We spoke to her after her keynote speech to hundreds of local TV and radio executives at the  the WideOrbit Connect conference in San Francisco on Tuesday.

Washington-based Pearl TV was created by broadcasters to bring ATSC 3.0 to fruition, Schelle explains in this interview with Beet.TV at the WideOrbit Connect conference. Its members—Cox Media Group, the E.W. Scripps Company, Graham Media Group, Hearst Television Inc., Meredith Local Media Group, Nexstar Media Group, Raycom Media and TEGNA, Inc.—operate more than 220 network-affiliated TV stations.

Finalized by the Federal Communications Commission in January of 2018, ATSC 3.0 will be dependent on spectrum allocated by individual broadcasters for a consumer rollout set for late 2020. Now its various stakeholders need to agree not only on its infrastructure but also how to explain its attributes to consumers.

“We need to commercialize it,” says Schelle.

Pearl TV chose Phoenix as its test market, setting up one lighthouse station to emit signals under the new standard to kick off the transition from ATSC 1.0. “The trick will be to do that, we have to also maintain our 1.0 services. And we want to. That’s our bread and butter business as well as our multicast.”

Fox, NBC, Univision and PBS are collaborating on the test platform in Phoenix.
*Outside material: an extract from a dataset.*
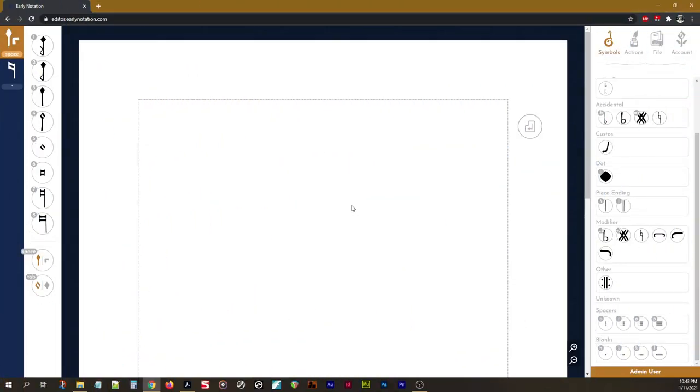Hi there and welcome back to this video series on using the early notation typesetter. In this episode we'll be looking at typesetting a piece of music.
With a modernized user interface, ATSC 3.0 will provide free, live linear programing and a host of over-the-top streaming content.

One of the big payoffs for broadcasters is the viewership data they will be able to collect, fueling interactive TV and addressable advertising. “Broadcasters have never had access to their own data on their own channels,” notes Schelle.

The FCC made ATSC 3.0 voluntary as opposed to mandatory for broadcasters at the industry’s request, as CNET reports. It will be segmented into Designated Market Areas like current broadcast TV.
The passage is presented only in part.